In part 5 of At the Sharp End, we head to Vallnord, Andorra with your current British National Downhill Champion, KJ Sharp, to take a look into what racing World Cups looks like through the eyes of an up-and-coming rider.
Photos by Ross Bell.
4 days on from Lenzerheide and we were back at it in Andorra. The puzzling unfortunately started the day before track walk, with the lacking organisation of pit space. It seemed we were supposed to set up our pits on a different hill to the track.
This meant we’d have to get a 10 minute shuttle then a chairlift to get to the start of the track. If we needed help, food or water in between practice runs, we would have to take the trip back and forth, each time taking up 30 minutes of our allocated 4 hours of practice.

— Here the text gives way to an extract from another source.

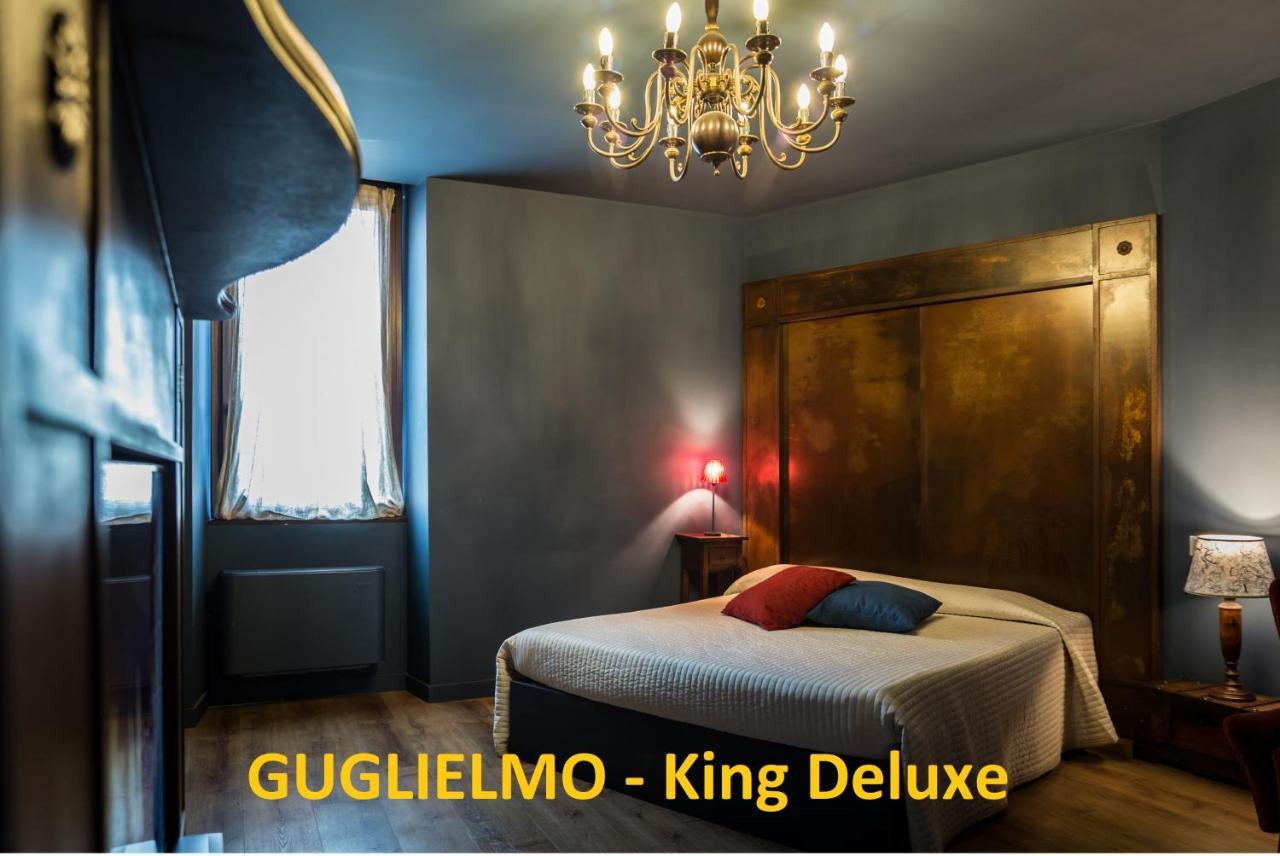 Antico Borgo B&B Con Spa - Adults Only Manerba del Garda Exterior photo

Luckily, after a moments puzzling, the 555 team manager bit the bullet and set our pits up on the side of the road at the bottom of the chairlift. Luckily our pits aren’t massive compared to the bigger teams, so we can quite easily slot ourselves into smaller spaces.
Within a few hours, there was a queue of smaller privateer pits setting up down the side of the road. The officials came by to move us on, however, in numbers we ignored the officials and continued to use the roadside throughout the rest of the week.
With temperatures on the verge of 40 degrees, the track walk was the dustiest I’ve ever seen. The top half of the track consisted of big jumps and drops, the bottom half technical and tight. You could tell straight away that this was going to be a fast track.
I woke up refreshed and ready for the allocated 4 hours of B practice. Unlike in Lenzerheide, I felt calm and prepared for the practice laps ahead.
My practice plan:
Run 1: Clear the first three larger features – drop, followed by a jump and into a triple. Run 2: Clear all the above and the huge road gap. Run 3: Clear all the above and the smaller drops/jumps throughout the track. Run 4: Finally clear the last two larger gaps, and the smaller drop into the finish line. Run 5 & 6: Link everything together.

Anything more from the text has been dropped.